Two separate word clouds were generated depicting the frequency of all words observed in the text of tweets analyzed for both instances (see Figures 2 and 3).

Figure 2. Word cloud for generic instance.
View this figure
Figure 3. Word cloud for street instance.
View this figure

Twitter NUPM Characteristics

In the next step, we applied our supervised machine learning content coding protocol in order to more specifically identify content relevant to NUPM. We used this process to filter out “false positive” tweets that were unrelated to NUPM but nevertheless were returned in filtered results as the keyword appeared somewhere in the text or metadata [22]. Coding of data between the 2 human coders achieved a high level of intercoder agreement for both subsamples of data from the two instances (all Cohen’s kappas for characteristics reviewed were greater than .83 and had a mean score of k=.91). Supervised machine learning was conducted by defining a feature space of documents (tweets) with a unigram term-document matrix. The accuracy score of the classifier models of tweet relevance to NUPM, when evaluated by repeating 10-fold cross validation three times, was 94.5% for the generic name dataset and 93.5% for the street name dataset, while accuracy scores of favorability for the generic name data were 95.1% and 94.1% for the street name data. We also compared the performance of models built from different word-grouping units (unigram, bigram, trigram, and combination of 1-3 grams); however, larger grouping units did not add significant performance improvement compared to unigram analysis. We therefore used the model created with unigram text data for the final analysis.
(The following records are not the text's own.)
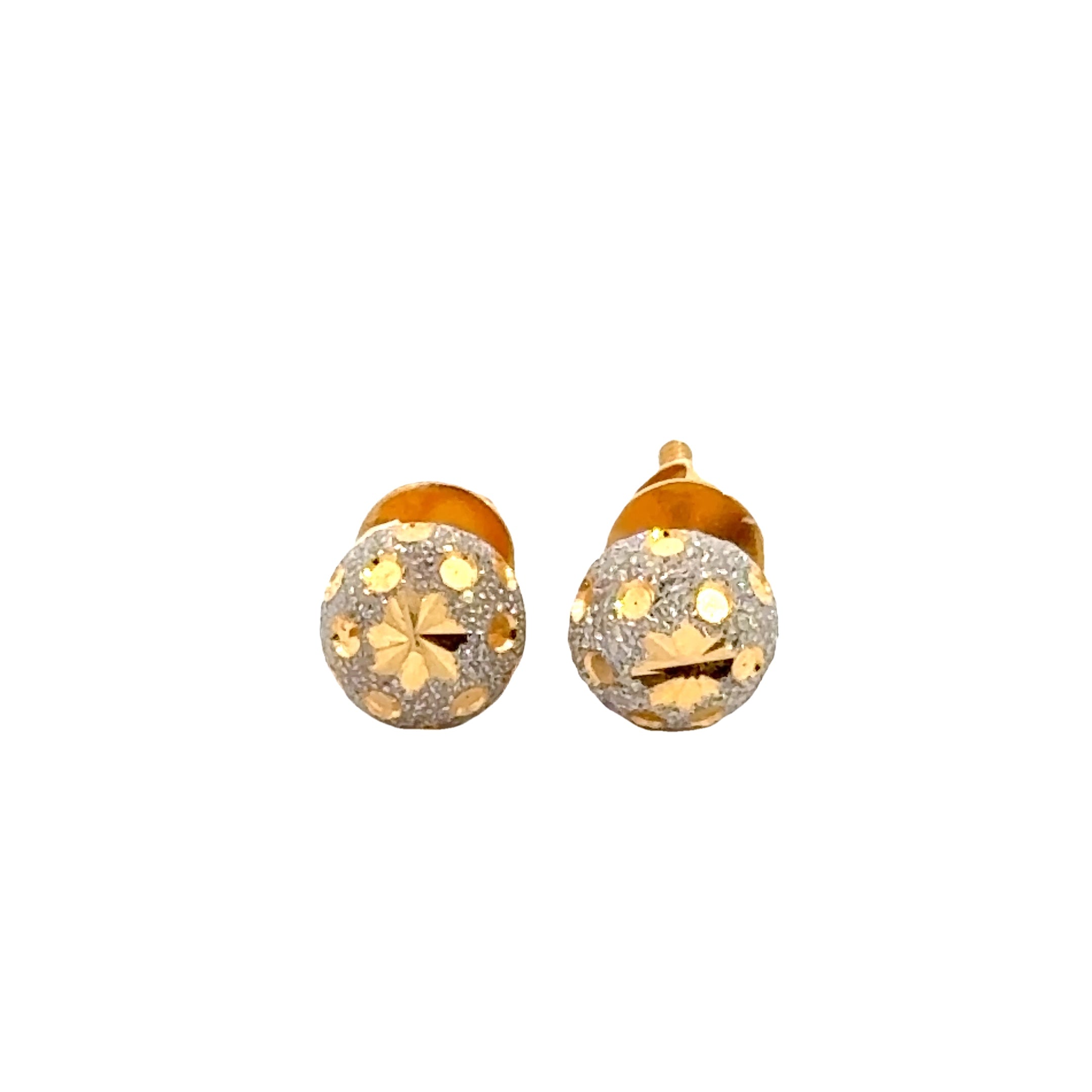 22k Two Tone Ball-Bead Earrings with gold weight of 1.85g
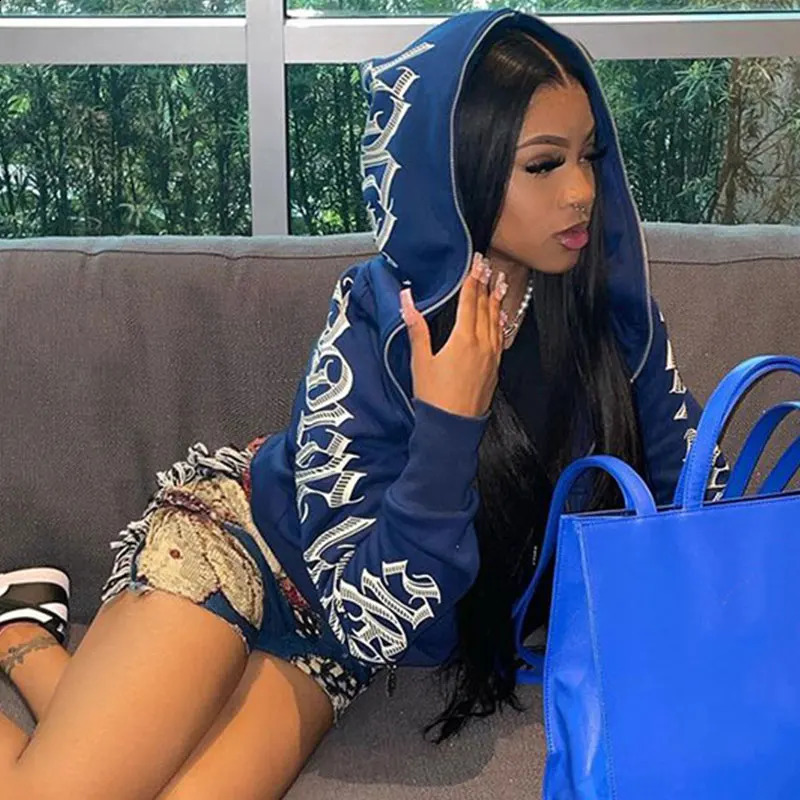Y2k Hip Hop Letter Printed Zip Up Hoodie Women Cardigan Blue Sweatshirts Gothic Punk Clothes Fashion Streetwear 90s Jackets 250206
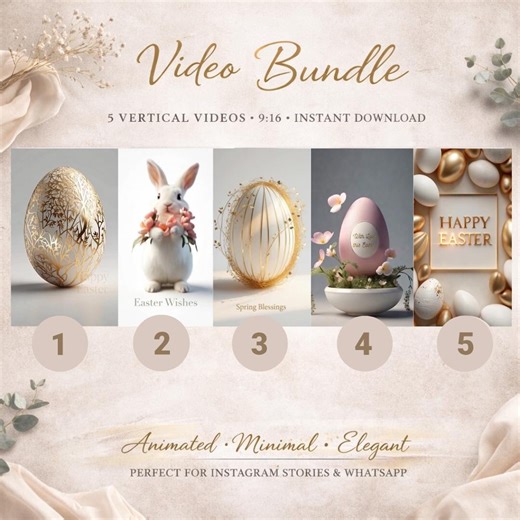 Minimal Easter Video Bundle, 5 Animated Easter Greetings, Vertical 9:16 Videos for Instagram Stories
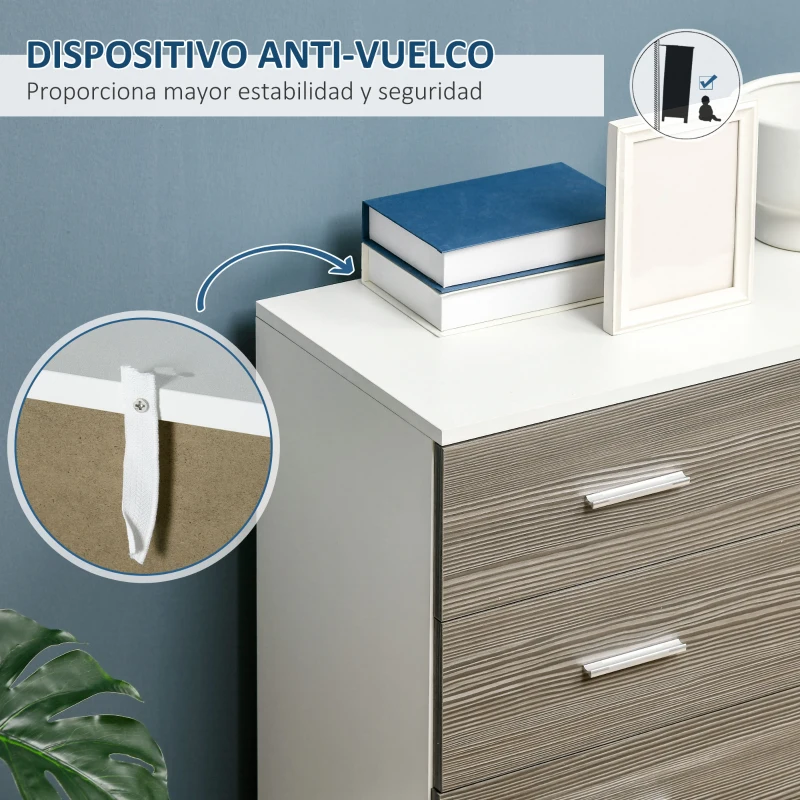 HOMCOM Cómoda con 4 Cajones Moderna Cajonera para Salón para Dormitorio Pasillo 76x35x72 cm Gris y Blanco
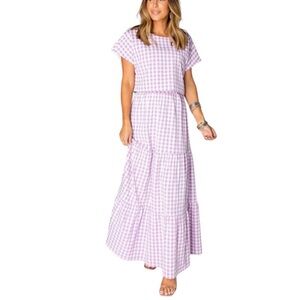 NWT BUDDY LOVE PURPLE/WHITE GINGHAM MAXI SKIRT & TOP SET - SIZE S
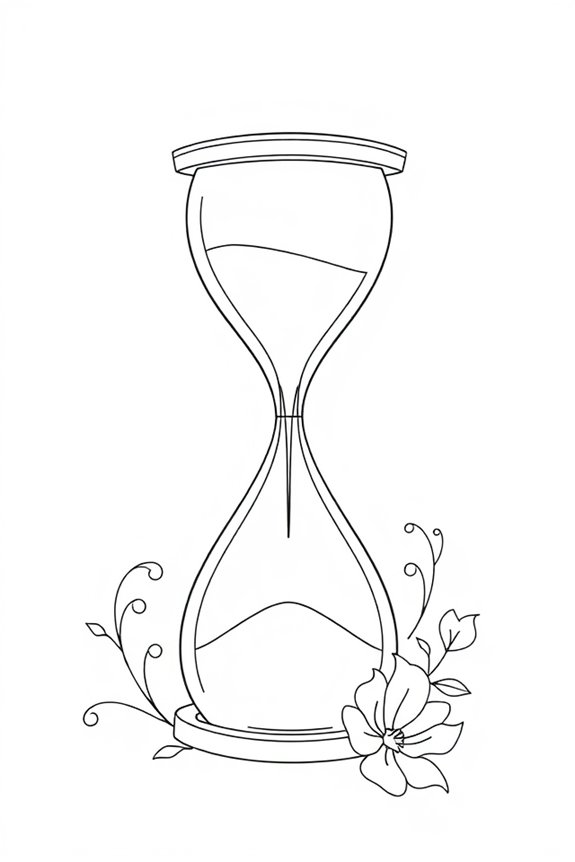 minimalist hourglass line art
Applying this classifier to the generic name dataset yielded a total of 135,776 tweets (81.72% of the English tweets with at least one keyword) that were predicted to be relevant to NUPM behavior or promotion. Conversely, false positives were detected in high frequency in the street name instance (eg, OXY, which is a stock listing symbol for the publicly traded company Occidental Petroleum Corporation and #uppers, which is a Twitter hashtag for users who engage in political discussion), with only 9817 (12.28%) tweets predicted as relevant to NUPM. Of the NUPM relevant tweets, an estimated 98.59% (n=133,863) and 78.76% (n=7732) favorably promoted NUPM behavior in the generic name and street name instances, respectively. Finally, after filtering both instances for NUPM-relevant tweets, 1.36% (n=1842) and 3.1% (n=308) were detected as geocoded, in the generic name and street name instances, respectively, with most of the tweets originating from users in California, Texas, and New York. In a map comparing individual geolocatable tweets with zip code–level kernel density of individuals aged 15-19, there was a positive relationship observed between NUPM tweets and areas with higher youth density (see Figure 4).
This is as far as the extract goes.